▶ _DESCRIPTION OF THE TASK_: Only the pictures are to be dropped; return all other data below exactly.

▶ _Crawled caption data_:
★ ★ ★ ★ ★

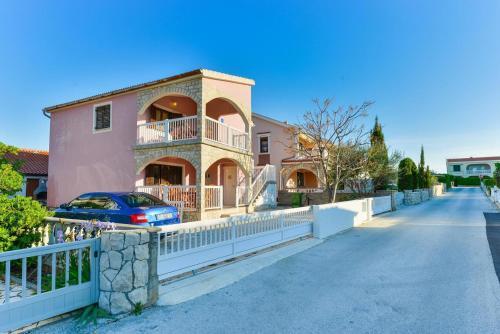 Apartments By The Sea Vir - 18572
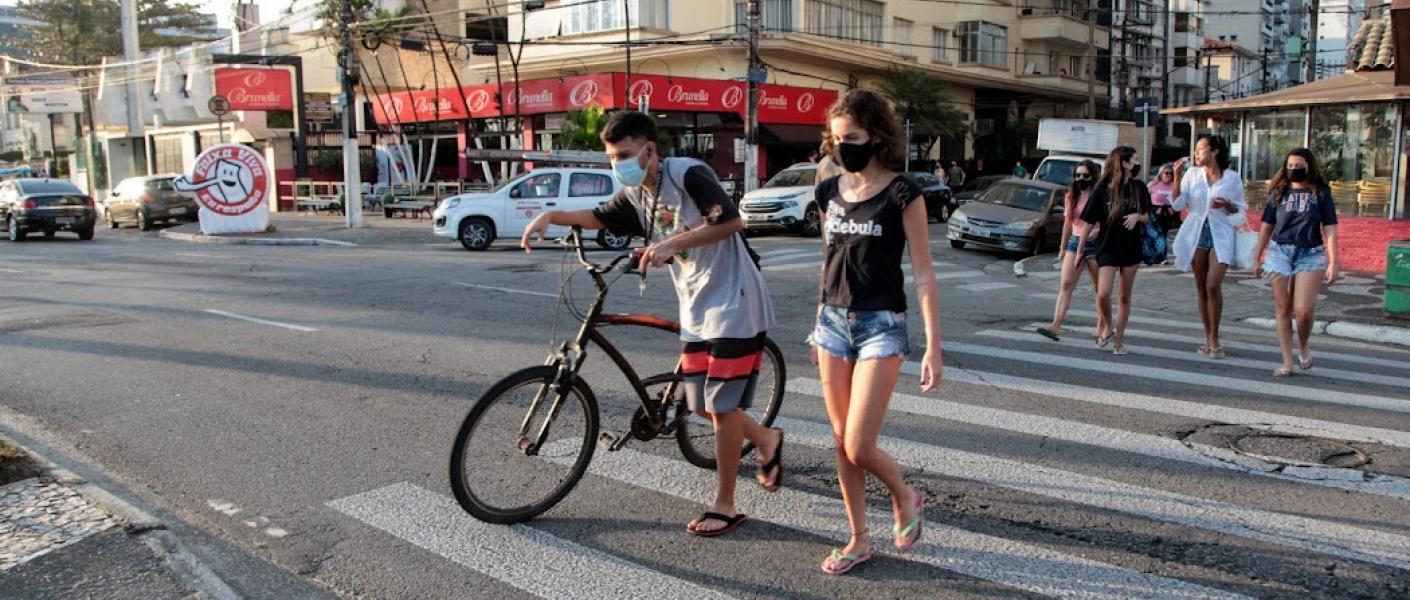 pessoas atravessando na faixa na avenida da praia #paratodosverem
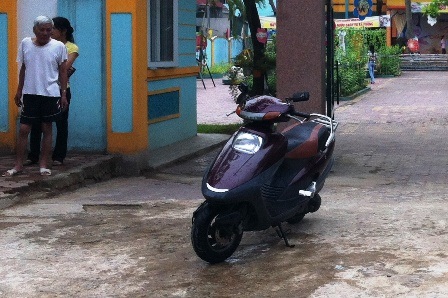 Xe Spacy phát hỏa khi dừng trước cổng trường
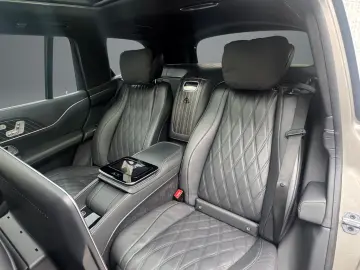 GLS 600 Maybach Night Series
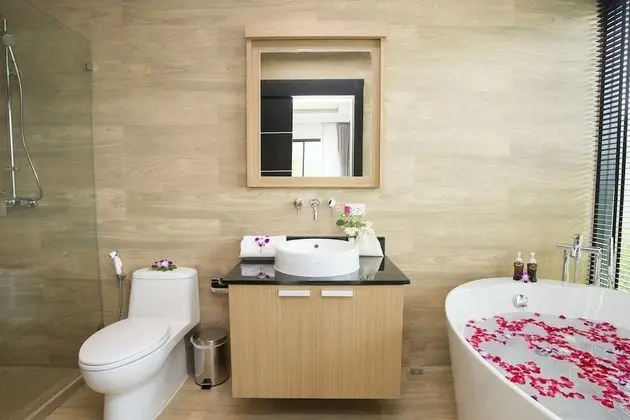 2 Bedroom Pool Suite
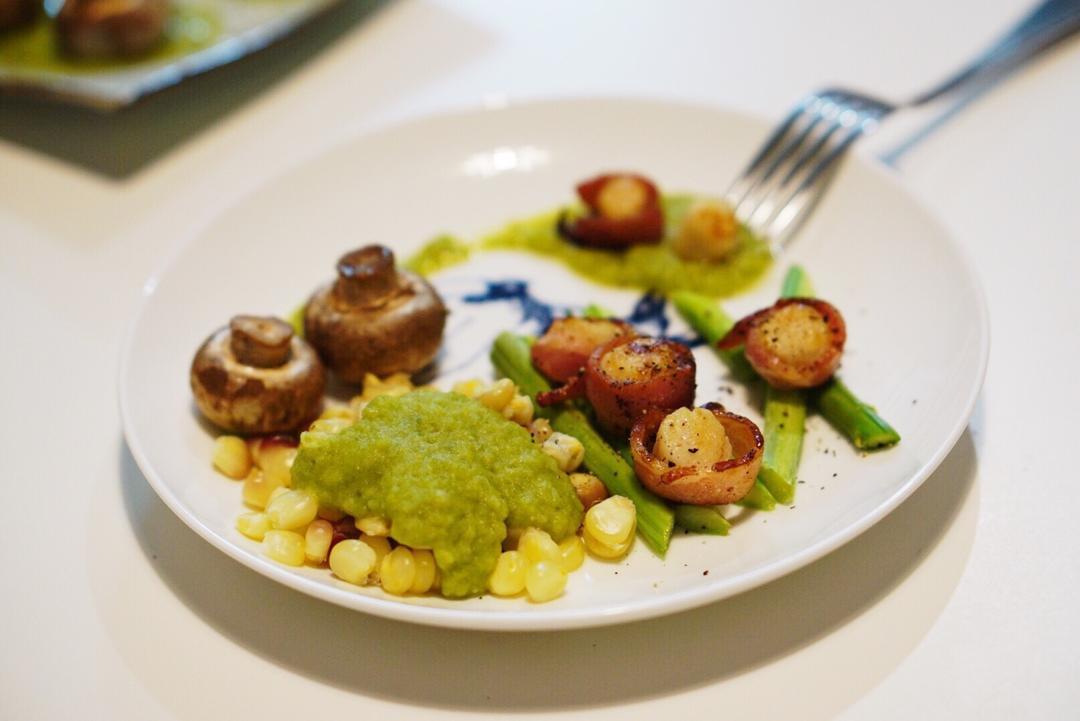 培根扇贝卷和煎扇贝佐玉米豌豆泥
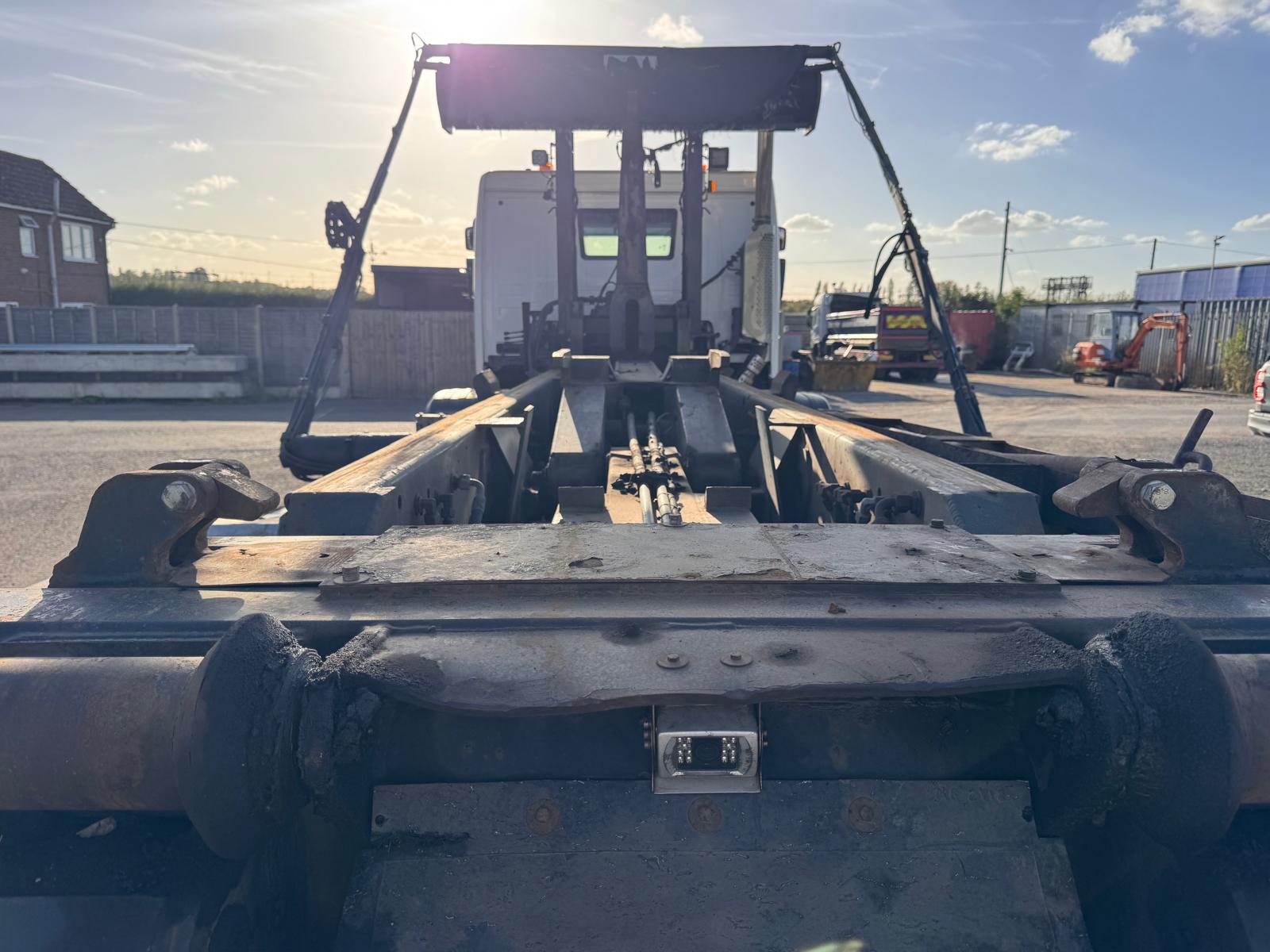2019 SCANIA P410XT HOOK LOADER - Image 13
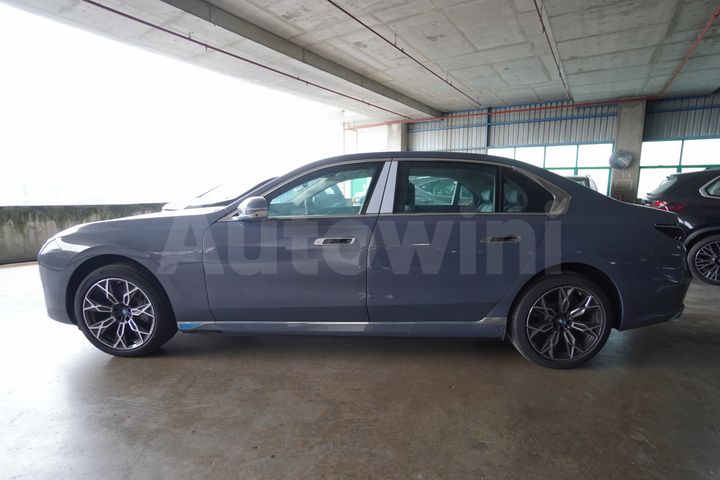 BMW i7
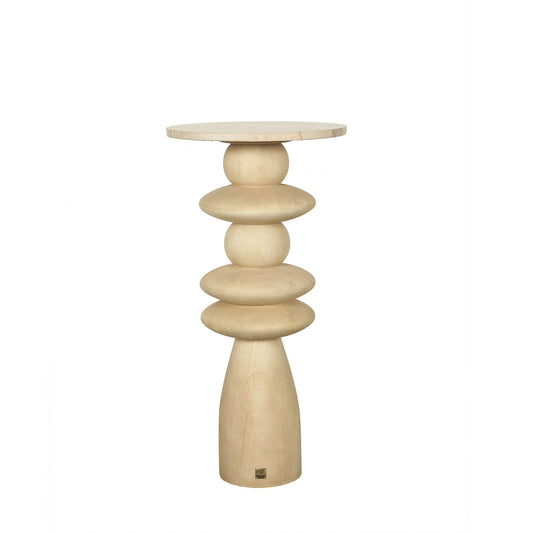 Llamada Mesa lateral de madera de mango natural Callain con tapa de mármol redonda.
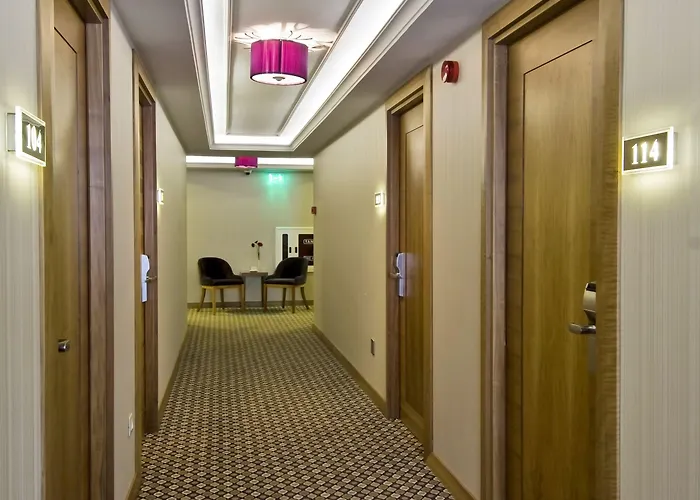 Tugcu Hotel Select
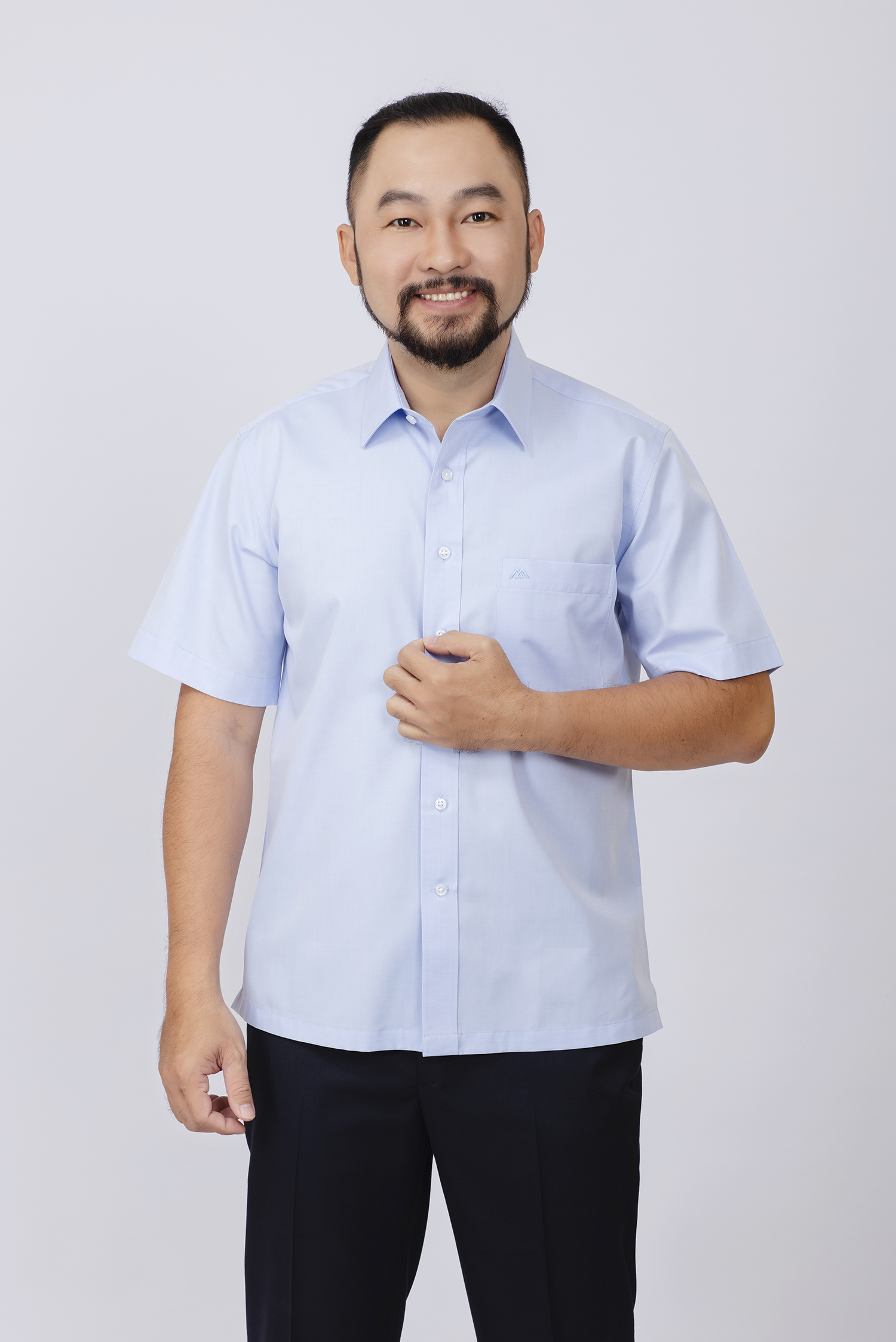  Sơ mi nam ngắn tay - Casual vạt ngang - Xanh nhạt Trơn 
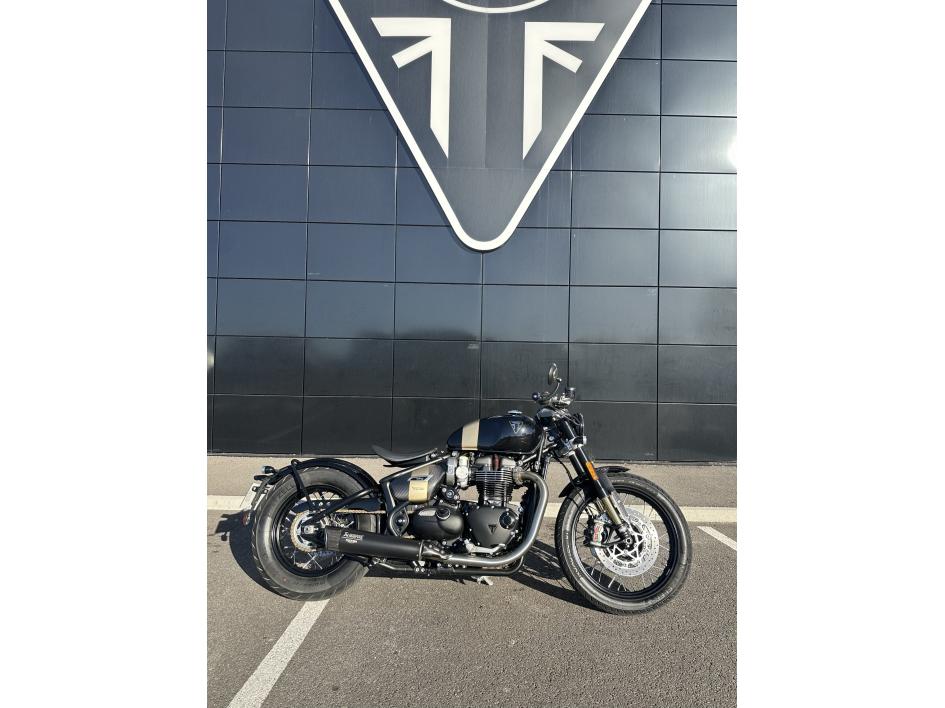 TRIUMPH BONNEVILLE BOBBER TFC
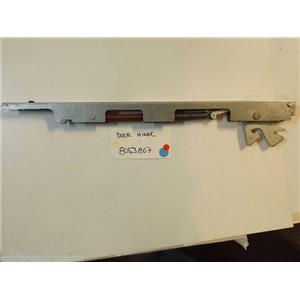 KENMORE Stove 8053807 Door hinge   used part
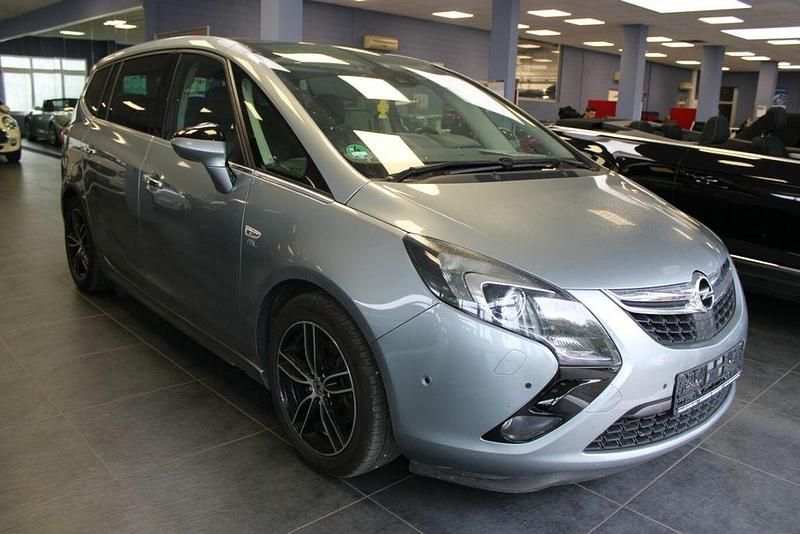 Grau Gebraucht 2013 Opel Zafira Tourer Van / Kleinbus | 9.980 € (Fairer Preis) - Bild 1/4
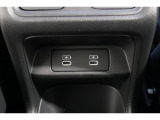 緊急通報ボタンが装備されています。ホンダコネクト対応。ご利用には、Honda Total Care プレミアムのご加入が必要です。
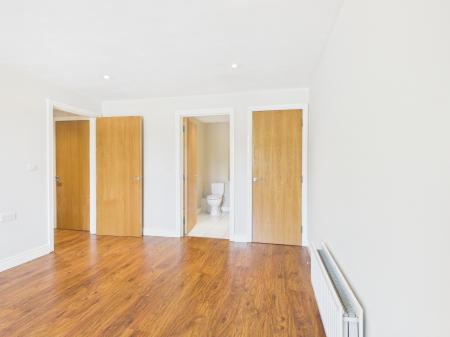 2 bedroom Apartment to let in Milfort Mews, Glenburn Road, Dunmurry, Belfast, BT17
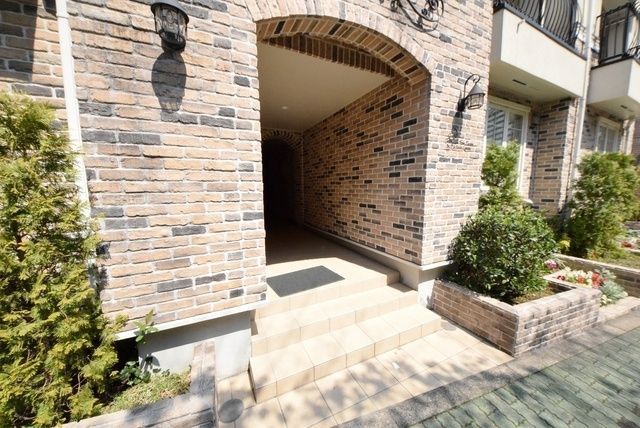 その他　★エントランス・建物入り口です★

★ ★ ★ ★ ★

▶ _TASK RESPONSE_:
 Apartments By The Sea Vir - 18572
 pessoas atravessando na faixa na avenida da praia #paratodosverem
 Xe Spacy phát hỏa khi dừng trước cổng trường
 GLS 600 Maybach Night Series
 2 Bedroom Pool Suite
 培根扇贝卷和煎扇贝佐玉米豌豆泥
2019 SCANIA P410XT HOOK LOADER - Image 13
 BMW i7
 Llamada Mesa lateral de madera de mango natural Callain con tapa de mármol redonda.
 Tugcu Hotel Select
  Sơ mi nam ngắn tay - Casual vạt ngang - Xanh nhạt Trơn 
 TRIUMPH BONNEVILLE BOBBER TFC
 KENMORE Stove 8053807 Door hinge   used part
 Grau Gebraucht 2013 Opel Zafira Tourer Van / Kleinbus | 9.980 € (Fairer Preis) - Bild 1/4
 緊急通報ボタンが装備されています。ホンダコネクト対応。ご利用には、Honda Total Care プレミアムのご加入が必要です。
 2 bedroom Apartment to let in Milfort Mews, Glenburn Road, Dunmurry, Belfast, BT17
 その他　★エントランス・建物入り口です★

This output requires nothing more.